食の好みは年齢とともに変化する。苦手だったモノを美味しく感じたり、好きだったモノを敬遠するようになったり、何とも不思議だ。


最近つくづく牛肉を食べなくなった。若い人に焼肉を御馳走しようと出かけて画像のような上等な肉がデーンと出てきても、私はほとんど食べない。同行者が97%ぐらい食べる。こっちはチャンジャや韓国海苔をツマミに焼酎をグビグビするだけだ。

若い頃は深夜にクルマを飛ばして一人焼肉に励んでいた。親しい関係の女子とは焼肉デートばかり。まだ未関係の女性とはすき焼きデートで、関係構築後は焼肉デートに移行するのが標準的な行動パターンだった。

今では私の中ですっかり牛肉の地位は低くなってしまった。いにしえのブランド品が出回りすぎてシュールなモノになっちゃうように「どうでもいい存在」である。

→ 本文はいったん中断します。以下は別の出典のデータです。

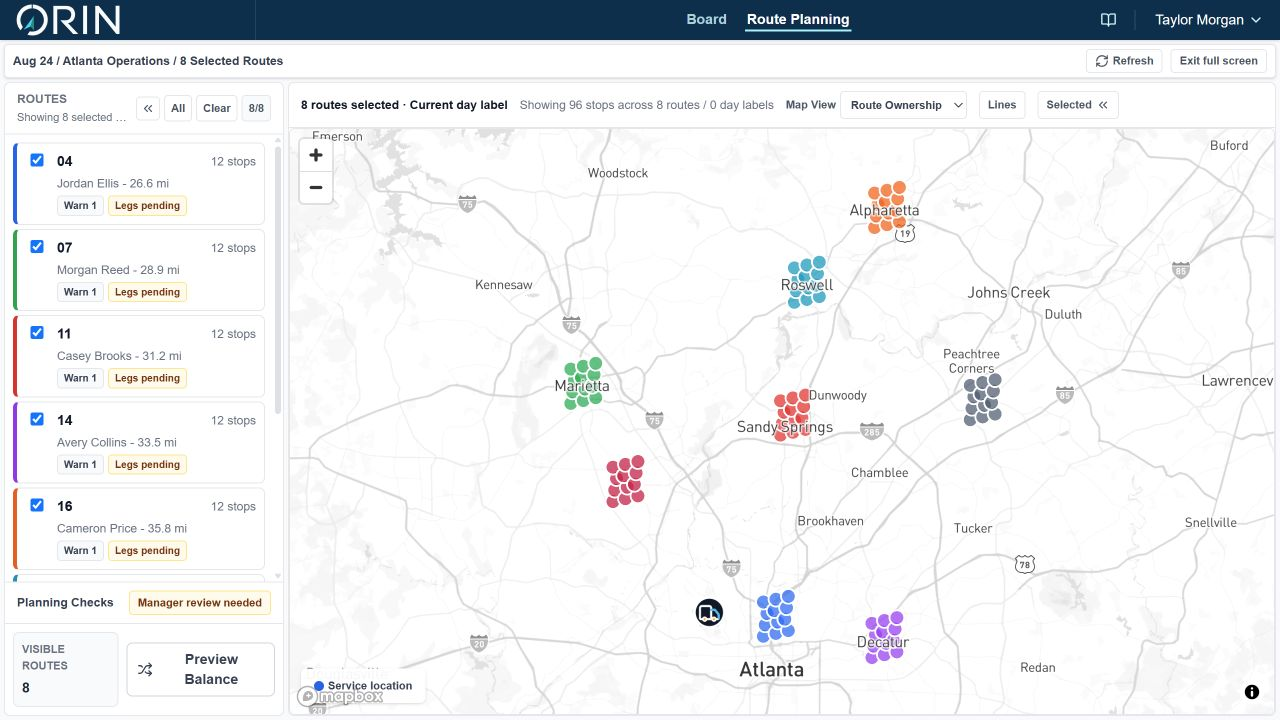 Orin Route Planning showing eight Metro Atlanta routes, mapped stops, and route workload details
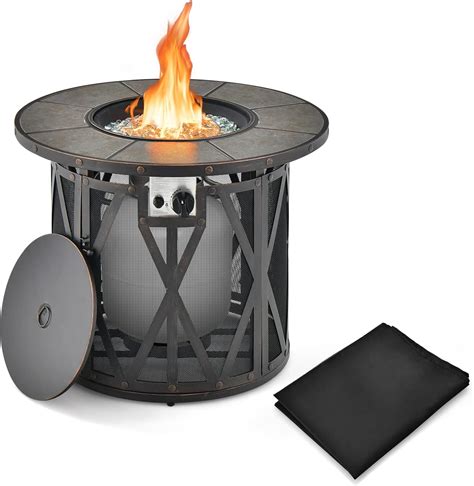 Amazon.com: Giantex 32" Propane Fire Pit, 30,000 BTU Round Outdoor Fire ...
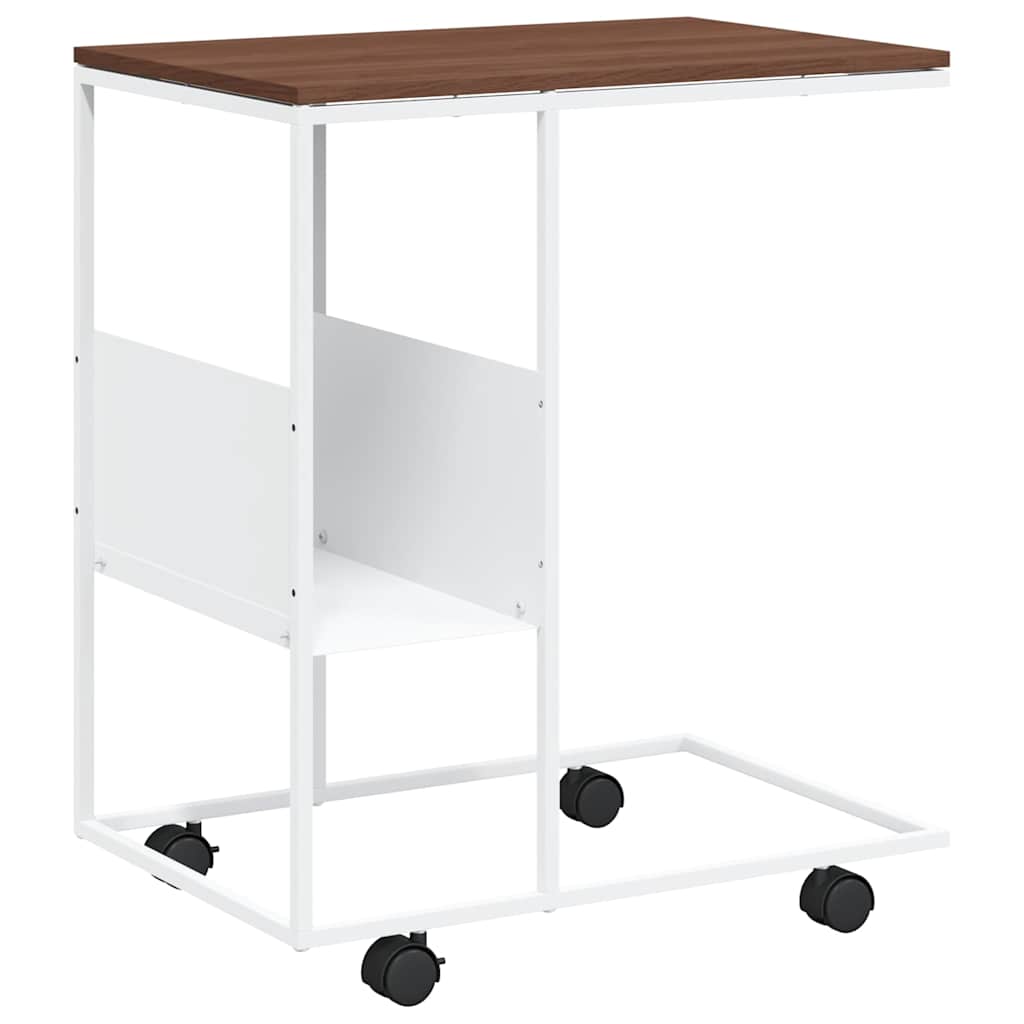 Side Table with Wheels White 55x36x63,5 cm Engineered Wood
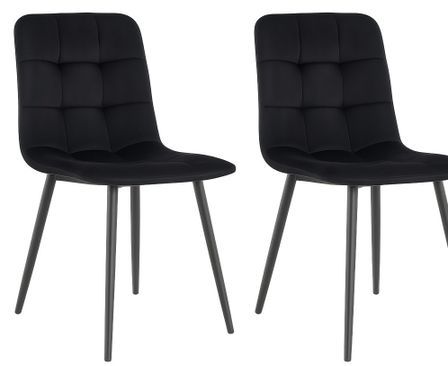 Lot de 2 chaises PIKA – Velours capitonné & pieds acier noir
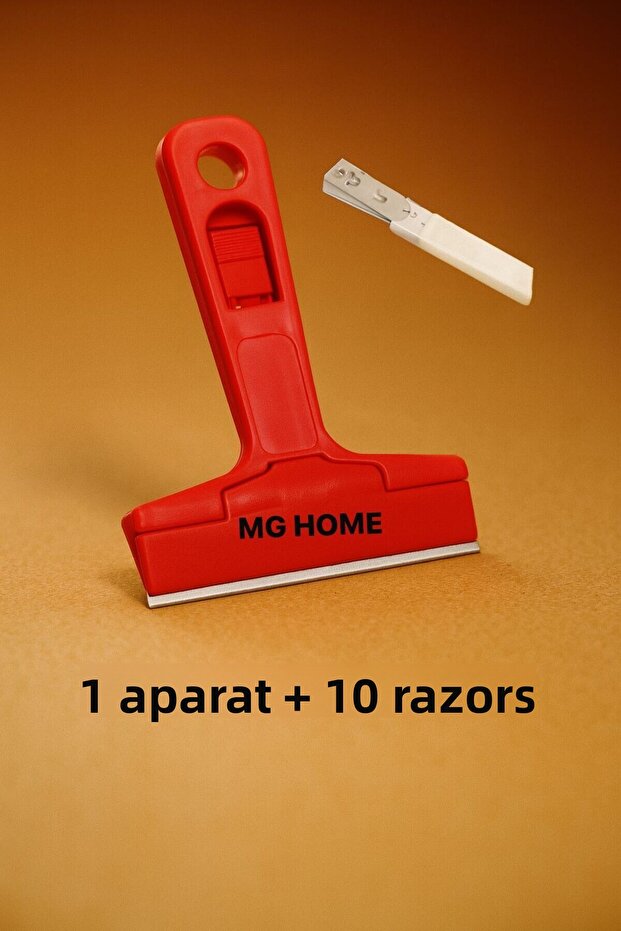 1 Apparatus 10 Razor Blades Adhesive Foil Cleaner Glass + Stove + Sticker Scraper 3 in 1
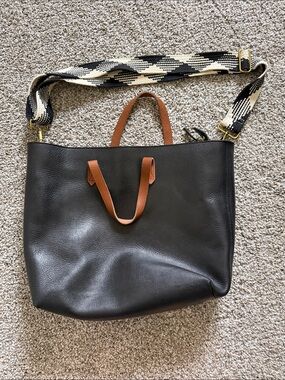 Madewell Black Leather Tote with Tan Handles and Black & Cream Strap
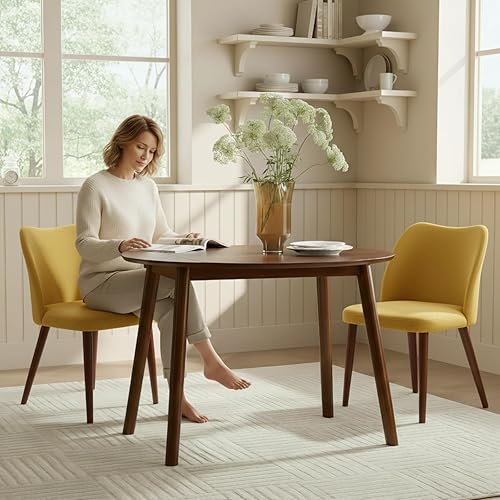 Miniatura 15 de Juego de 4 sillas de comedor, juego de sillas tapizadas para cocina y comedor, silla lateral acentuada moderna con respaldo curvo acolchado y patas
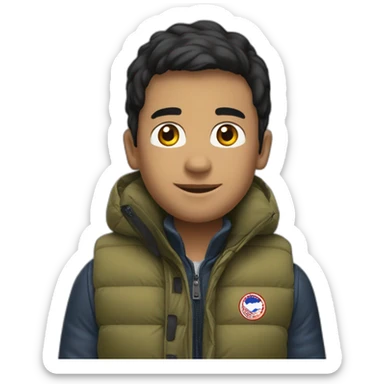 Ragazzo con gilet di Canada goose sticker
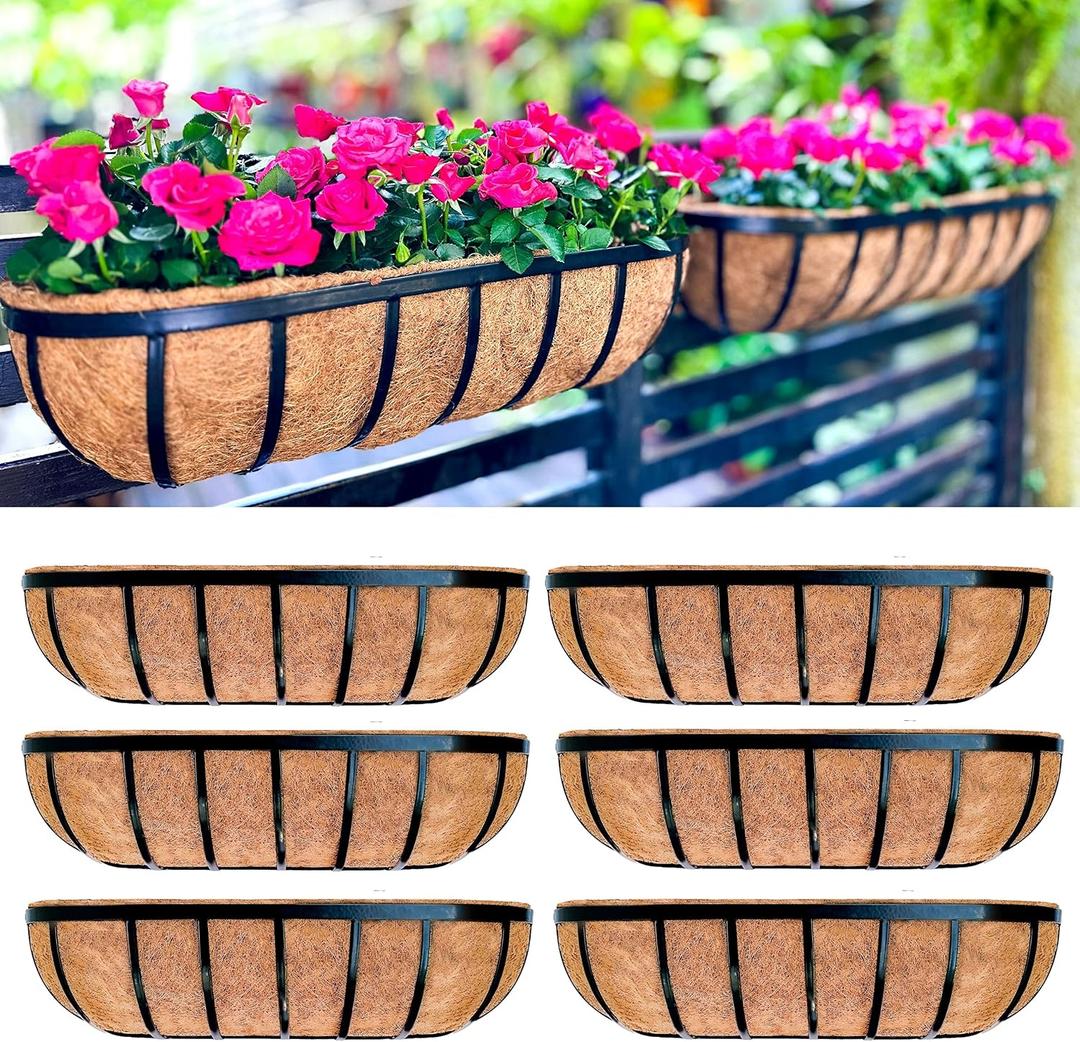 LaLaGreen Deck Railing Planter Boxes for Plants (24 Inch, 6 Pack) Metal Wall Planters for Outdoor Plants, Black Window Flower Boxes Deck Railings with Coco Liner Fence Balcony Patio Porch Over Rail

カルビと聞いただけでヨダレが出ていたのに、今では胃もたれを連想してしまう。われながら情けない。

不思議と牛丼は相変わらず好きだ。クタクタに煮込まれていろんな成分が溶け出ちゃっているせいだろうか。

牛肉に負けた?くせになぜか揚げ物はいまだに大好物である。逆流性食道炎がこのところおとなしくなったおかげで、一時期より揚げ物を解禁する機会が増えた。実に幸せである。


これからの季節はカキフライがウマい。カキの風味や旨味が衣の中に閉じ込められた日本料理の至宝だと思う。

この画像は銀座の某料理屋さんでの一品。異常なほどタルタルソースが好きなのにカキフライはレモン汁やソースをチョビっと使うだけで食べる。

まったく個人的な意見だが、カキは生より加熱したほうがウマい。生牡蠣をシャブリとともに味わうのが最高と言い張る人が世の中に溢れているが、私に言わせれば「ホンマかいな?」である。

シャブリにも様々な種類があるし、そもそもの食文化がまるで違う国の伝承だから、日本人が分かったような顔でウンチクザウルスになっているのはスマートではない。

日本には日本の味わい方がある。広島あたりでポピュラーな八丁味噌を使った牡蠣鍋を初めて食べた時には、感激してひたすらうなっていた記憶がある。


上質な出し汁をベースにお吸い物のように食べるのも好きだ。熱々をハフハフ言いながら、ネギや三つ葉の風味をアクセントにして食べると「ニッポンの冬バンザイ!」と言いたくなる。

揚げ物の話からそれてしまった。軌道修正。

タルタル人である私としては、相変わらず、お寿司屋さんに無理を言って一からタルタルソースを作ってもらう。相棒はもちろんエビフライである。

生きた車海老を茹でてもらうから、甘味、旨味がグワ~っと口の中に拡がる極上のエビフライに仕上がる。


本来ならちょこっとレモンを搾るだけで楽しむべきだろう。でも「エビフライにタルタルソース」は人して守るべき掟である。日本国憲法にも定められている。だからエビの味わいをまるで感じないほどドッサリ乗っけて食べる。

味覚ウンヌンをエラそうに書いていることが恥ずかしくなるほどタルタル人になりきる。バイ〇グラなど不要なほど官能的な気分になる。

命がけで私に食われる車海老が気の毒である。タルタルが主役なら、そこらへんのザリガニを揚げてもヒャアヒャア喜んで食べてしまうかもしれない。

さて、冬の揚げ物として見逃せないのが「白子フライ」である。メジャーな存在ではないが実にウマい。

白子の天ぷらが珍しくないのだからフライだって邪道ではない。白子ポン酢は日本酒のお供にもってこいだが、白子フライは焼酎とかハイボールと相性が良い。


トロリとした食感が最高である。ちょこっとソースをつけて食べると極上のクリームコロッケみたいな様子になる。

アンキモを食べ、カワハギをキモ和えで食べ、塩辛を舐め舐め、カラスミをかじって、白子フライを堪能する――。寒い季節ならではの夢の競演である。

世の中に痛風という病気がなかったら、日々そんなものばかり食べて酒をかっくらっていたい。